From Finance Mentor:

At Princeton, he began to reassess some of his views on trade. Visiting the yearly business gabfest in Davos, Switzerland, in January 2004, he heard executives talk excitedly about moving jobs overseas that not long ago seemed anchored in the U.S. ...

. . . .

[H]e'd begun to wonder if the technology that allowed English-speaking workers in India to do the jobs of American workers at lower wages was "a good thing" for many Americans. At a Princeton dinner, a Wall Street executive told Mr. Blinder how pleased her company was with the securities analysts it had hired in India. From New York Times' columnist Thomas Friedman's 2005 book, "The World is Flat," he found anecdotes about competition to U.S. workers "in walks of life I didn't know about." ...

At the urging of former Clinton Treasury Secretary Robert Rubin, Mr. Blinder wrote an essay, "Offshoring: The Next Industrial Revolution?" published last year in Foreign Affairs. "The old assumption that if you cannot put it in a box, you cannot trade it is hopelessly obsolete," he wrote. "The cheap and easy flow of information around the globe...will require vast and unsettling adjustments in the way Americans and residents of other developed countries work, live and educate their children." (Read that full article.)

In that paper, he made a "guesstimate" that between 42 million and 56 million jobs were "potentially offshorable." Since then he has been refining those estimates, by painstakingly ranking 817 occupations, as described by the Bureau of Labor Statistics, to identify how likely each is to go overseas.
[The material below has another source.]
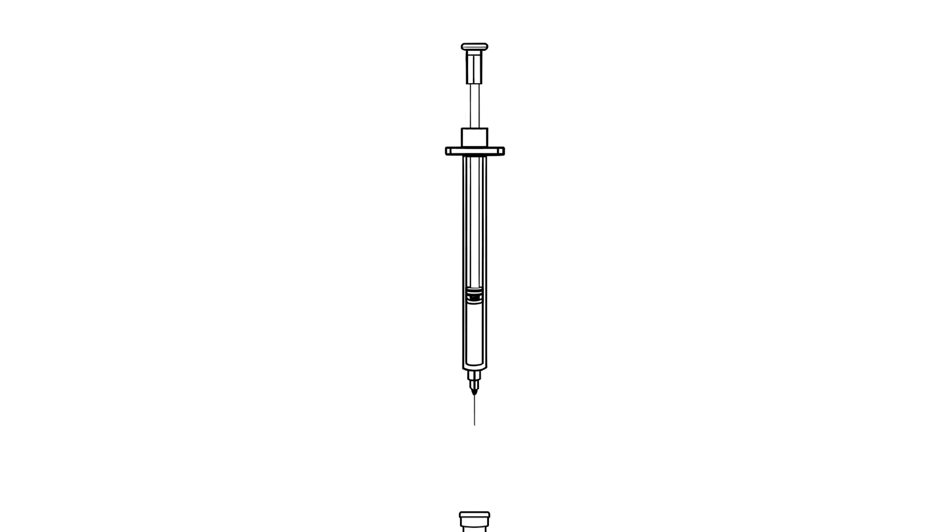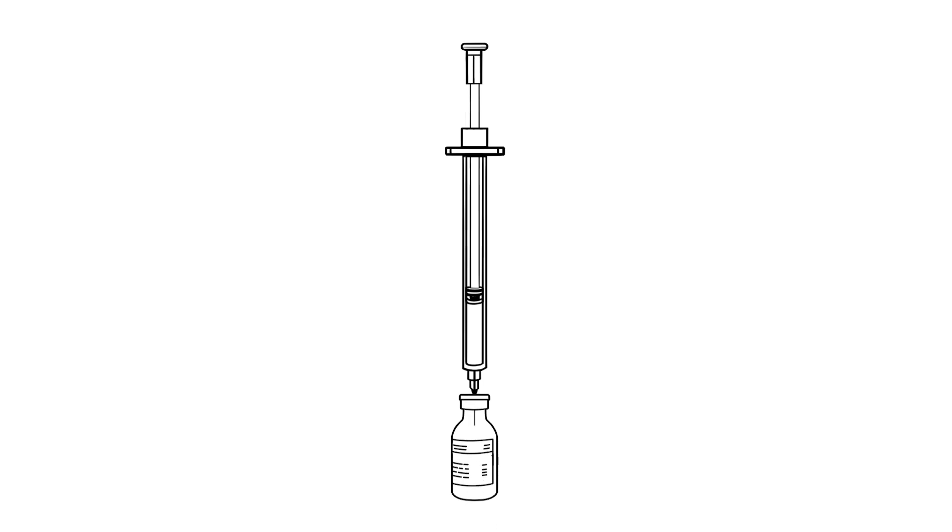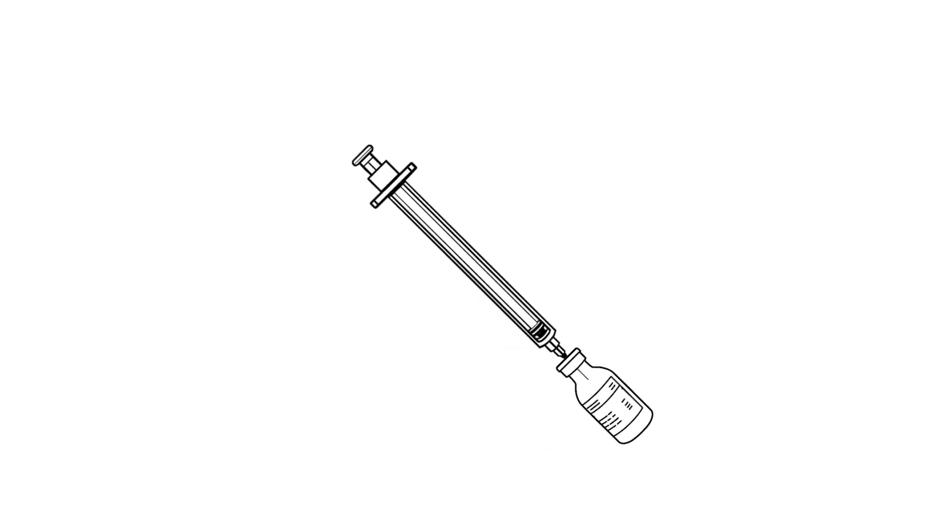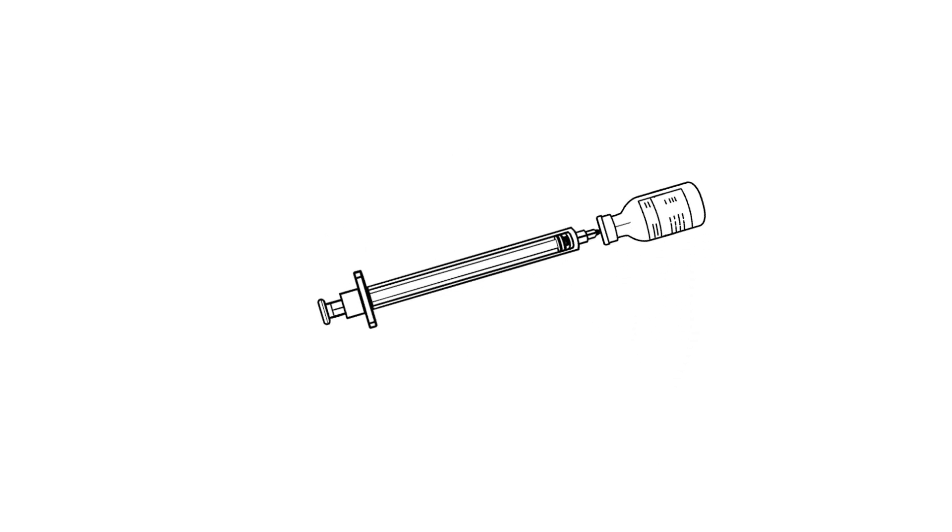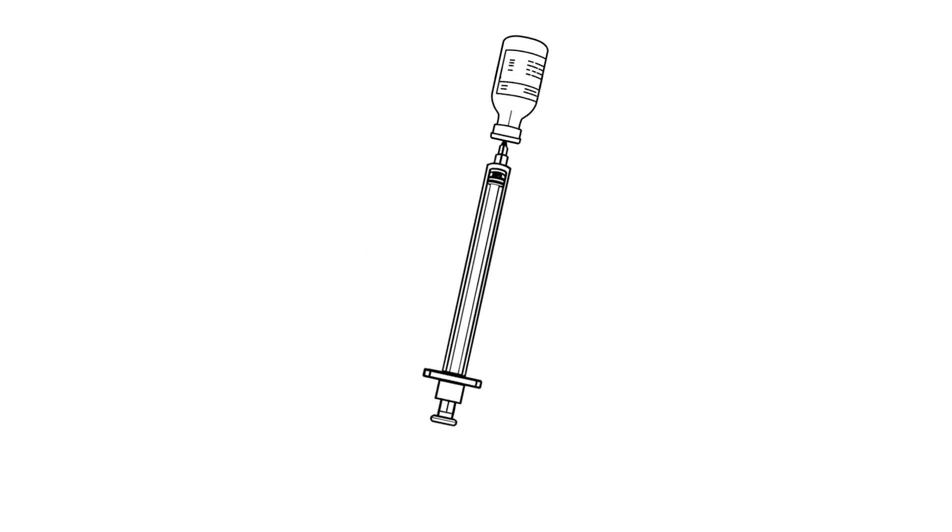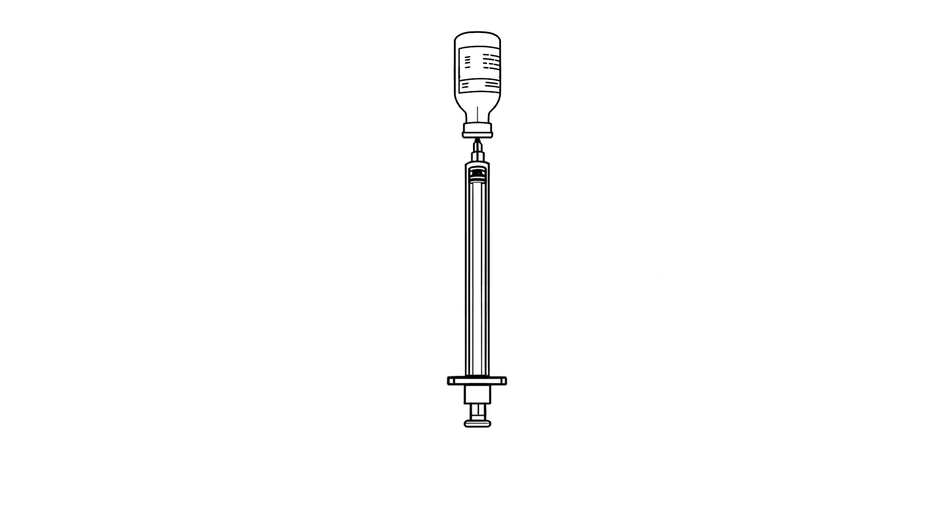Now push the syringe needle into the top of the insulin vial. Press the plunger to put the air into the vial. Turn the syringe upside down. Make sure the tip of the needle is in the insulin liquid. Pull back on the plunger to fill the syringe with the right amount of insulin.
From that, he derives his latest estimate that between 30 million and 40 million jobs are vulnerable.

He says the most important divide is not, as commonly argued, between jobs that require a lot of education and those that don't. It's not simply that skilled jobs stay in the US and lesser-skilled jobs go to India or China. The important distinction is between services that must be done in the U.S. and those that can -- or will someday -- be delivered electronically with little degradation in quality. The more personal work of divorce lawyers isn't likely to go overseas, for instance, while some of the work of tax lawyers could be. Civil engineers, who have to be on site, could be in great demand in the U.S.; computer engineers might not be. ...
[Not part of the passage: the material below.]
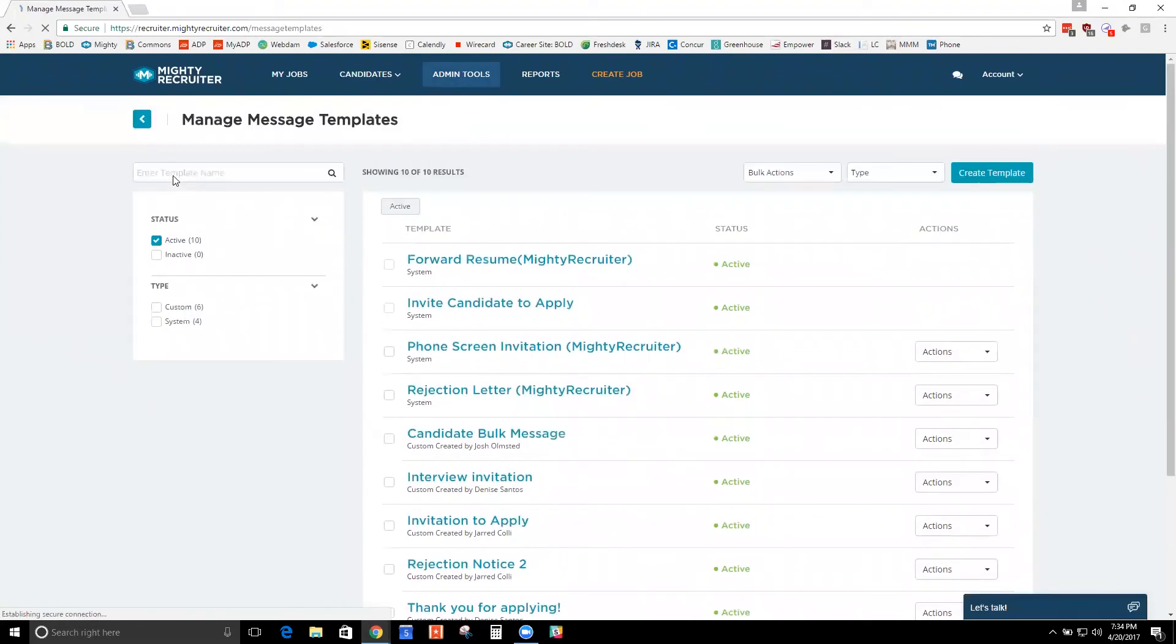Alright, so those are our message templates. I'll go back here to the rest of our features.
Diana Farrell, head of the McKinsey Global Institute, a pro-globalization think-tank arm of the consulting firm that has done its own analysis of vulnerable jobs, calls Mr. Blinder "an alarmist" and frets about the impact he is having on politicians, particularly the Democrats who see resistance to free trade as a political winner. She insists many jobs that could go overseas won't actually go.

Ms. Farrell says Mr. Blinder's work doesn't take into account the realities of business which make exporting of some jobs impractical or which create offsetting gains elsewhere in the U.S. economy. ...

Mr. Blinder says there's an urgent need to retool America's education system so it trains young people for jobs likely to remain in the U.S. Just telling them to go to college to compete in the global economy is insufficient. A college diploma, he warns, "may lose its exalted 'silver bullet' status." It isn't how many years one spends in school that will matter, he says, it's choosing to learn the skills for jobs that cannot easily be delivered electronically from afar.

Similarly, he says any changes to the tax code should encourage employers to create jobs that are harder to perform overseas. While Mr. Gomory, the former IBM chief scientist, suggests tax breaks for companies that create "high value-added jobs," Mr. Blinder says the focus should be on jobs with person-to-person contact, regardless of pay and skill levels -- from child day-care providers to physicians.

Mostly he wants to shock politicians, policy makers and other economists into realizing how big a change is coming and what new sectors it will reach. "This is something factory workers have understood for a generation," he says. "It's now coming down on the heads of highly education, politically vocal people, and they're not going to take it."